Supreme Court Union Ruling, Knox v. SEIU, Could Cut Back Labor's Political Speech
Professor William B. Gould is quoted by Cole Stangler of the Huffington Post in the following article on the use of labor union dues for political spending.
The ability of organized labor to spend money on political issues recently took a hit from the Supreme Court.
The case, Knox v. Service Employees International Union, Local 1000, asked whether a local union needed to send out a notice before deducting certain fees from the paychecks of non-union members covered by SEIU-negotiated contracts. The fees in question constituted a "special assessment" to help challenge two California state ballot referendums in 2005. In a 7-2 ruling, the court on June 21 concluded that the public sector union did not give proper notice to non-union members before making the deductions.
"The court's opinion makes clear its displeasure with 60 years of precedent on the dues issue, which have placed the burden on employees who object [to political spending] to opt out," said William Gould, who from 1994 to 1998 chaired the National Labor Relations Board, the federal agency that governs labor relations in the private sector. "This decision is an invitation to litigate this issue."
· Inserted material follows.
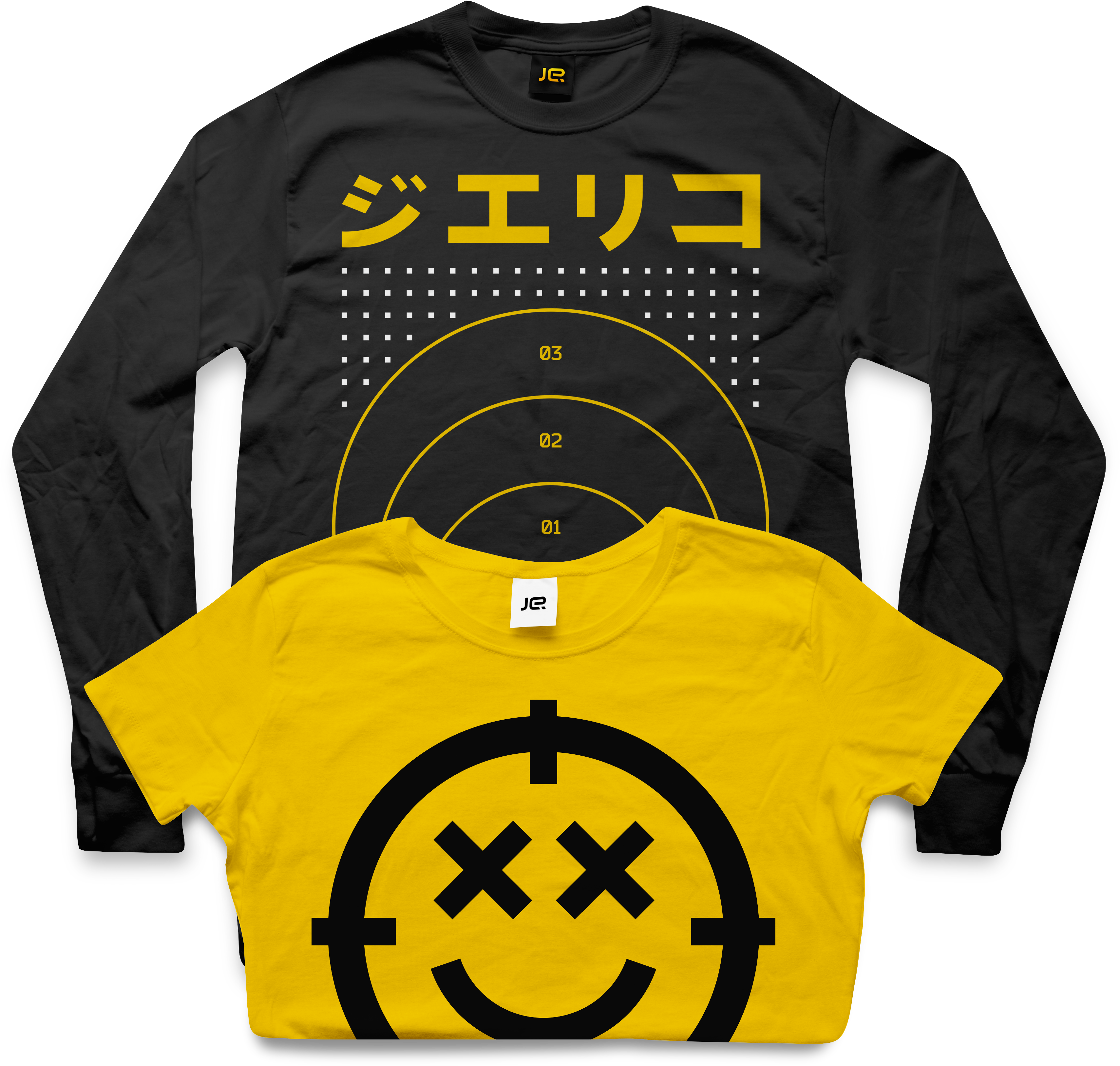 Jericho Fui Futuristic User Interface Tshirt Merchandise Clipart (3419x3253), Png Download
Although the Knox case involved special assessments on non-union members, Gould said, the Supreme Court’s reasoning suggests that it could be applied to all union dues that fund political spending paid by non-members. The next time that a union goes through the standard process of notifying non-members they have the ability to opt out, the union may well be met with a legal challenge, warned Gould. "[This decision] indicates that if these five [justices] are there when these cases come back to the Court, that the Court will decide these cases adversely to unions," he said.